Glossary of Machine Learning terms for Reference

Some basic terms and their meanings.

  • Sample or input—One data point that goes into your model.

  • Prediction or output—What comes out of your model.

  • Target—The truth. What your model should ideally have predicted, according to an external source of data.

  • Prediction error or loss value—A measure of the distance between your model’s prediction and the target.

  • Classes—A set of possible labels to choose from in a classification problem. For example, when classifying cat and dog pictures, “dog” and “cat” are the two classes.

  • Label —A specific instance of a class annotation in a classification problem. For instance, if picture #1234 is annotated as containing the class “dog,” then “dog” is a label of picture #1234.

  • Ground-truth or annotations—All targets for a dataset, typically collected by humans.

  • Binary classification—A classification task where each input sample should be categorized into two exclusive categories.

  • Multiclass classification—A classification task where each input sample should be categorized into more than two categories: for instance, classifying handwritten digits.

  • Multilabel classification—A classification task where each input sample can be assigned multiple labels. For instance, a given image may contain both a cat and a dog and should be annotated both with the “cat” label and the “dog” label. The number of labels per image is usually variable.

  • Scalar regression—A task where the target is a continuous scalar value. Predicting house prices is a good example: the different target prices form a continuous space.
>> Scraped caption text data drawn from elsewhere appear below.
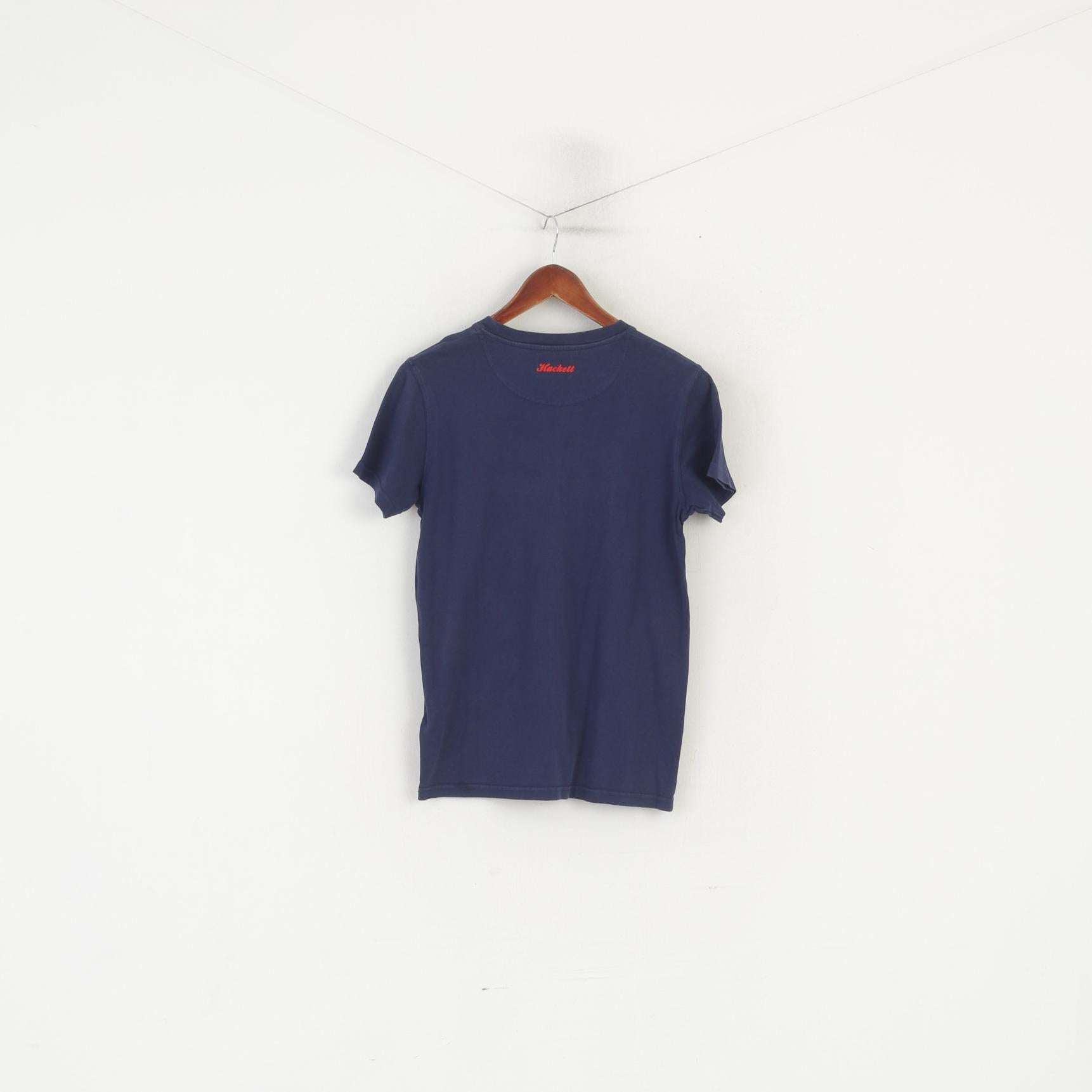 Hackett London Youth 13/14 Age Shirt Blue Cotton Surf Crew Neck Classic Top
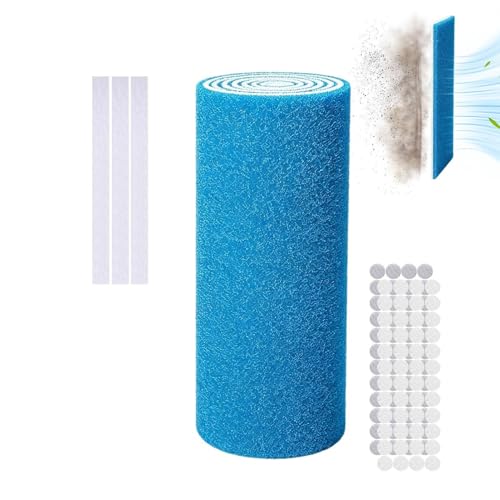 kinrguiyuez Filtros de ventilación de aire | Cortar a prueba de polvo de alta eficiencia, rollo de filtros de ventilación de techo para el hogar, apartamento, habitación, , oficina, techo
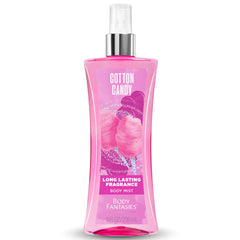 Body Fantasies Signature Cotton Candy: botella elegante para uso diario.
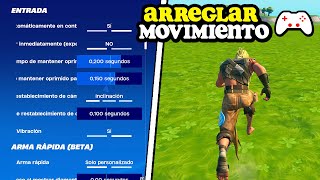 Cómo ARREGLAR MOVIMIENTO de Control🎮✔️ En Fortnite Capitulo 5 [upl. by Ylaek]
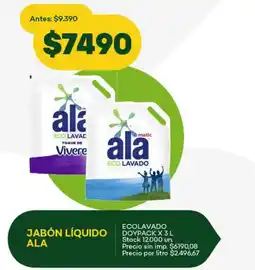 Super MAMI Jabón líquido ala oferta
  • Vector regression—A task where the target is a set of continuous values: for example, a continuous vector. If you’re doing regression against multiple values (such as the coordinates of a bounding box in an image), then you’re doing vector regression.

  • Mini-batch or batch—A small set of samples (typically between 8 and 128) that are processed simultaneously by the model. The number of samples is often a power of 2, to facilitate memory allocation on GPU. When training, a mini-batch is used to compute a single gradient-descent update applied to the weights of the model.

  • Optimization - The process of getting the best performance possible from the training data for a particular model.